¹A.‐J. Soini,¹I. T. Kukkonen,¹T. Kohout,²A. Luttinen
Meteoritics & Planetary Science (in Press) Link to Article [https://doi.org/10.1111/maps.13441]
¹Department of Geosciences and Geography, University of Helsinki, PO Box 64, FI‐00014 Helsinki, Finland
²Finnish Museum of Natural History, University of Helsinki, PO Box 44, FI‐00014 Helsinki, Finland
Published by arrangement with John Wiley & Sons

We report direct measurements of thermal diffusivity and conductivity at room temperature for 38 meteorite samples of 36 different meteorites including mostly chondrites, and thus almost triple the number of meteorites for which thermal conductivity is directly measured. Additionally, we measured porosity for 34 of these samples.
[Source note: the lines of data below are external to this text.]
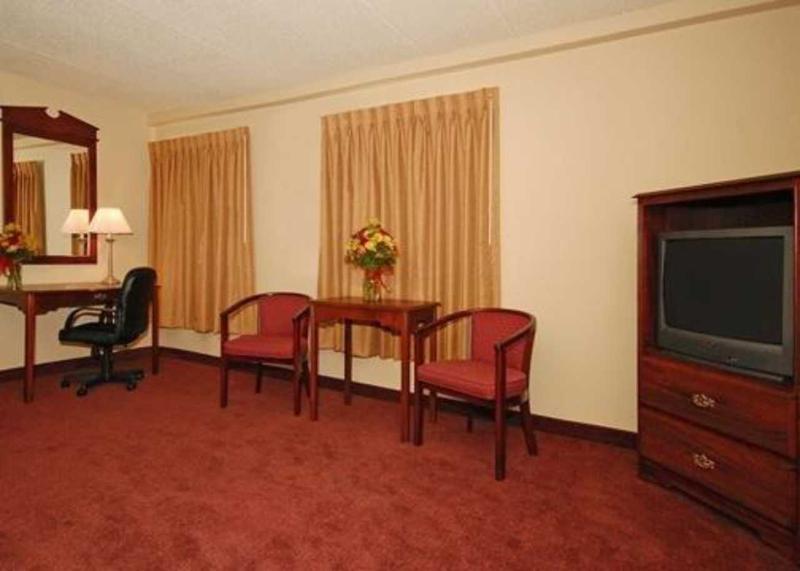 Rodeway Inn Norfolk Bagian luar foto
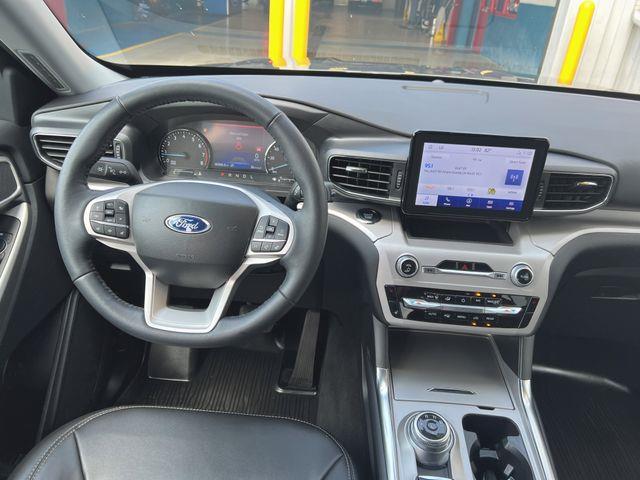 2023 Ford Explorer - $32,999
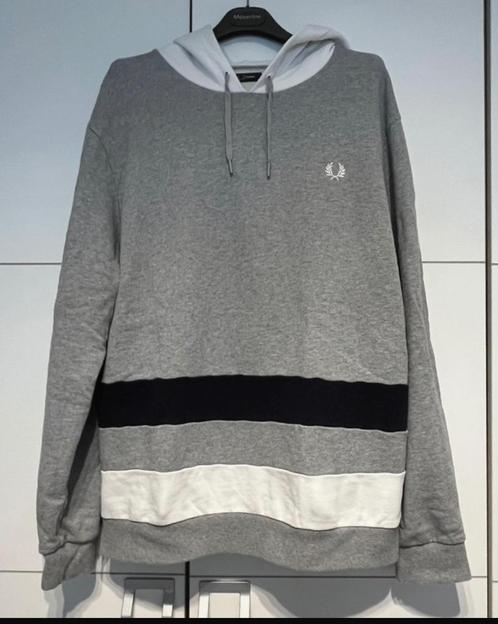 Mooie nieuwe hoodie Fred Perry XL, Kleding | Heren, Truien en Vesten, Nieuw, Maat 56/58 (XL), Grijs, Ophalen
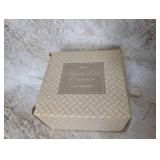 Avon Beauty Dust Crystal Container with Powder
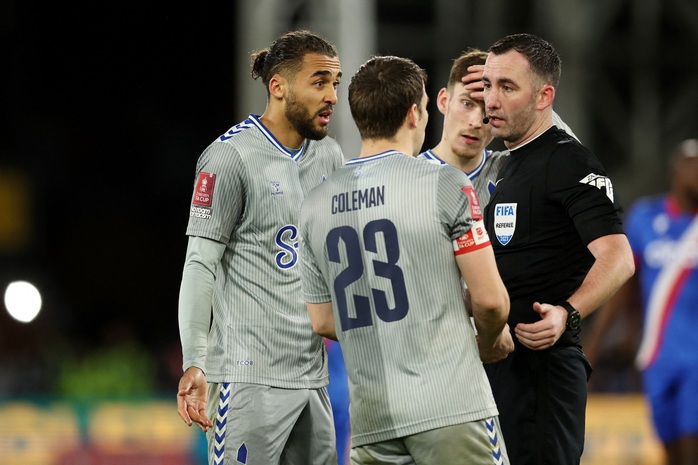 Trọng tài Kavanagh bị tố "hủy hoại" trận Palace - Everton bằng thẻ đỏ- Ảnh 1. Trọng tài Kavanagh bị tố "hủy hoại" trận Palace - Everton bằng thẻ đỏ- Ảnh 1.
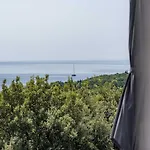 - Two Bedroom With Terrace And Sea View Apartman *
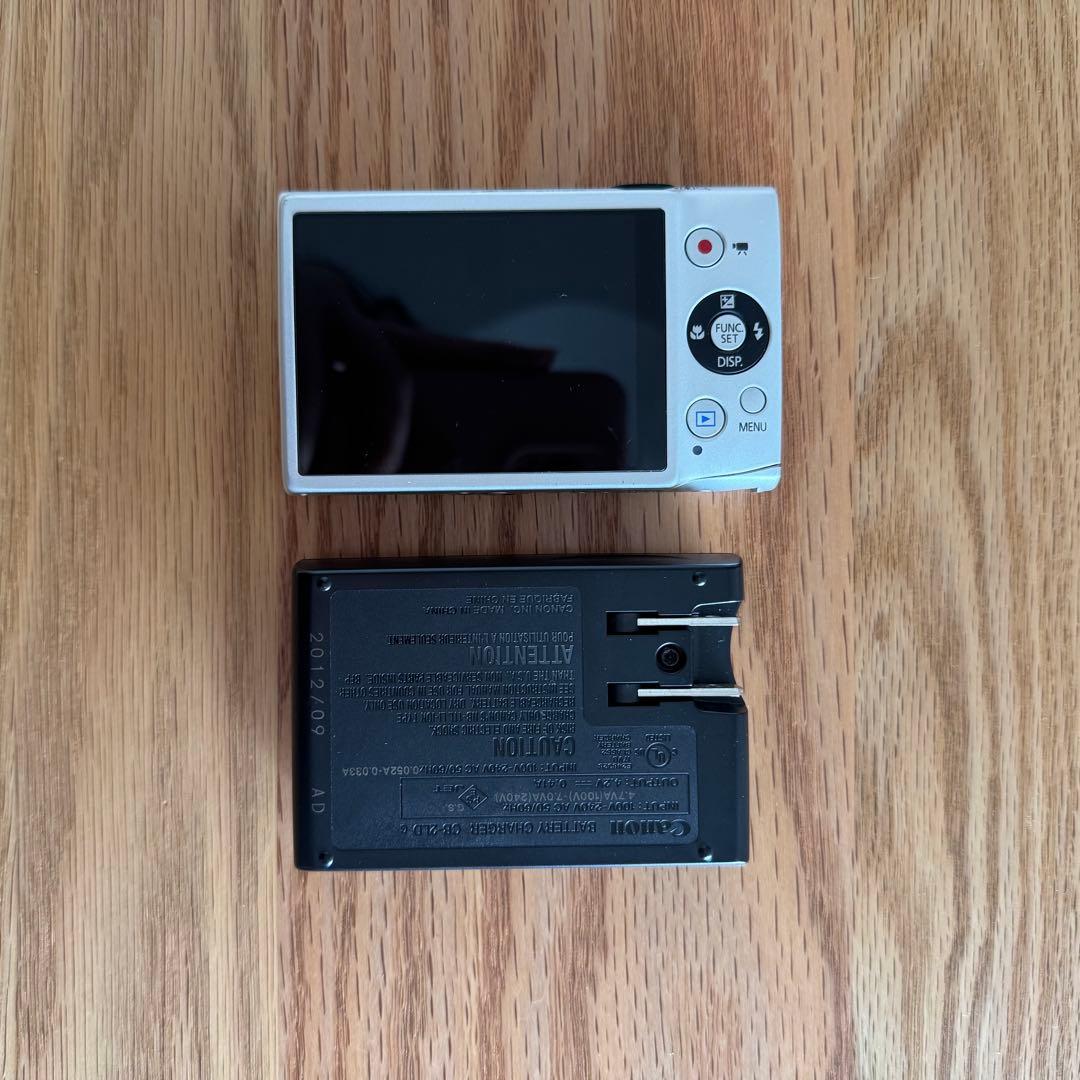 Canon IXY 220F コンパクトデジタルカメラ シルバー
Thermal properties were measured using an optical infrared scanning method on samples of cm‐sizes with a flat, sawn surface. A database compiled from our measurements and literature data suggests that thermal diffusivities and conductivities at room temperature vary largely among samples even of the same petrologic and chemical type and overlap among, for example, different ordinary chondrite classes. Measured conductivities of ordinary chondrites vary from 0.4 to 5.1 W m⁻¹ K⁻¹. On average, enstatite chondrites show much higher values (2.33–5.51 W m⁻¹ K⁻¹) and carbonaceous chondrites lower values (0.5–2.55 W m⁻¹ K⁻¹). Mineral composition (silicates versus iron‐nickel) and porosity control conductivity. Porosity shows (linear) negative correlation with conductivity. Variable conductivity is attributed to heterogeneity in mineral composition and porosity by intra‐ and intergranular voids and cracks, which are important in the scale of typical meteorite samples. The effect of porosity may be even more significant for thermal properties than that of the metal content in chondrites.